Task objective: The listing below should be printed in full and exactly, apart from its images.

Dataset extract:
☆ ☆ ☆

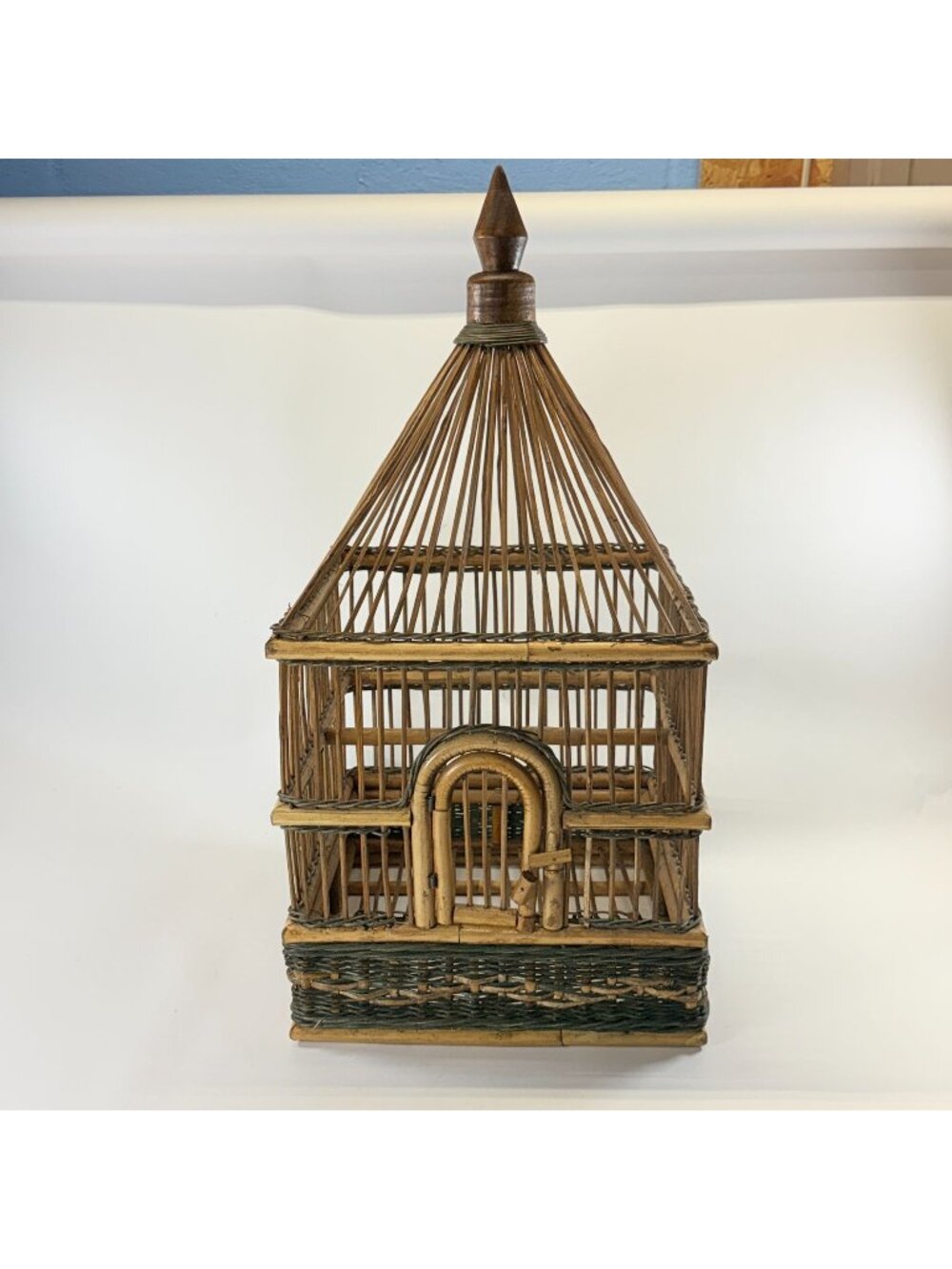 Vintage Palacek Bamboo Bird Cage Wicker Rattan Wood Boho Decor Birdcage 29x14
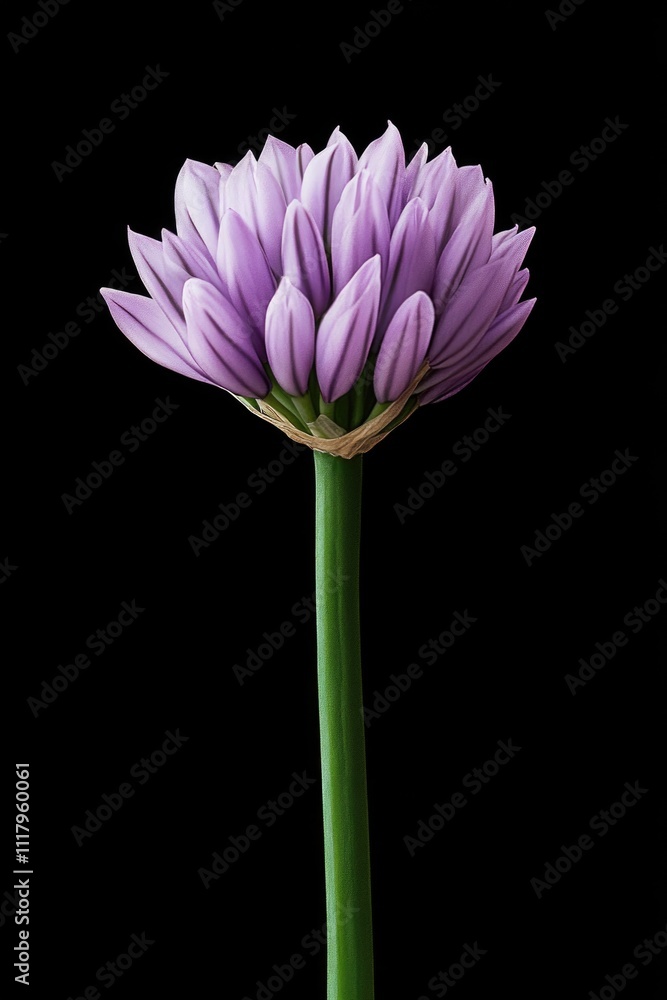 A single garlic bulb on a green stem. A single garlic bulb on a green stem.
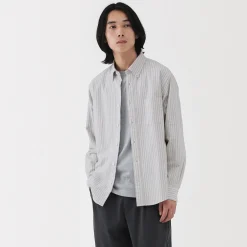 Muji Camisa Oxford con botones y acabado lavado para hombre…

☆ ☆ ☆

Expected output:
 Vintage Palacek Bamboo Bird Cage Wicker Rattan Wood Boho Decor Birdcage 29x14
 A single garlic bulb on a green stem. A single garlic bulb on a green stem.
 Muji Camisa Oxford con botones y acabado lavado para hombre…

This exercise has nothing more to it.